AMD: R8xx Speculation

How soon will Nvidia respond with GT300 to upcoming ATI-RV870 lineup GPUs

  • Within 1 or 2 weeks

    Votes: 1 0.6%
  • Within a month

    Votes: 5 3.2%
  • Within couple months

    Votes: 28 18.1%
  • Very late this year

    Votes: 52 33.5%
  • Not until next year

    Votes: 69 44.5%

  • Total voters
    155
  • Poll closed .
http://www.semiaccurate.com/2009/07/23/how-peek-chip-guts-without-killing-them/

Please explain the third picture, that is a G200 with lots of missing TIM under the lid. Does this mean NV is incompetent? That would be a yes, but I do look forward to hearing your opinion.



OK, so if all these AIBs are incompetent, why are they only incompetent making NV laptops? Why don't ATI parts suffer from the same catastrophic failure rates as NV ones do, your rather biased, if real, sub-sub-sub-sample not withstanding.

The part that you don't understand is that the half-connected parts are indeed running in spec. As long as they maintain a temperature as specified by NV, they are in spec. The chips maintain that temp.

Look at the graph here:
http://www.theinquirer.net/inquirer/news/1013947/nvidia-should-defective-chips
Look at the recommended temps for the GPUs that you are talking about. See a problem? The GPUs are failing within the recommended temperature range, overheating has nothing to do with it. THIS IS NOT AN OVERHEATING PROBLEM, it is an incompetent engineering problem at the chip level, not the laptop level.

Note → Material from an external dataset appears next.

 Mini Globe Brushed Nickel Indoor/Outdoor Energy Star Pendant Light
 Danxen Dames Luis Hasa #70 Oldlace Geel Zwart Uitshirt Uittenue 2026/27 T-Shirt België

Any heatsink attach problem is not an issue here.



It doesn't matter. If you do believe it matters, then you really need to answer the question of why 10+ OEMs failed to engineer proper cooling solutions only on their NV based models. In fact, on some, where there was a choice via MCM modules, only the NV parts had 'faulty thermals', and only they failed. Hmmm.....



No, they were not, and if you think they are, you are an idiot. There is _NO_ thermal solution specified in the design guides, only temps to remain in. If it is what you say it is, why did Nvidia design such a crappy thermal solution.

You need to keep a GPU in a certain temp range, and the OEMs did. It doesn't matter how they do it, with an aluminum slug, a vapor chamber, or fairy dust, the temp matters, and only the temp matters.



Yeah, actually I do think they treat it that way, and far worse. Having just spent a week in Taipei discussing thermal solutions for laptops at a conference, I do actually know how they test, and have been to several of their labs. You are dead wrong here.

So, to conclude, you seem to not want to answer the question about why only NV laptops have badly designed and connected HSFs. Why is it?

-Charlie

What does the GT200 chip have to do with the g86? Are they failing in droves? And I would like to know how n the hell a G86 in a laptop, non-MXM version, isn't going to go beyond allowable temps if the HS/P assembly IS NOT making complete contact with the GPU. Take a desktop g86 based card, lift the HSF to one side say 1/32nd of an inch and see how fricken long it lasts before poof. And why Aren't the G86 desktop GPUs failing in drves like the laptop version, they are the same chip are they not? So again cooling plays a role in this mess. Most of the blame belongs on Nvidia, I AM NOT FUCKING DENYING THAT, but the OEMs are not freakin blameless.
 
Still does not explain why several manufacturers had the problem.
Still does not explain why ATI chips did not have the same problem.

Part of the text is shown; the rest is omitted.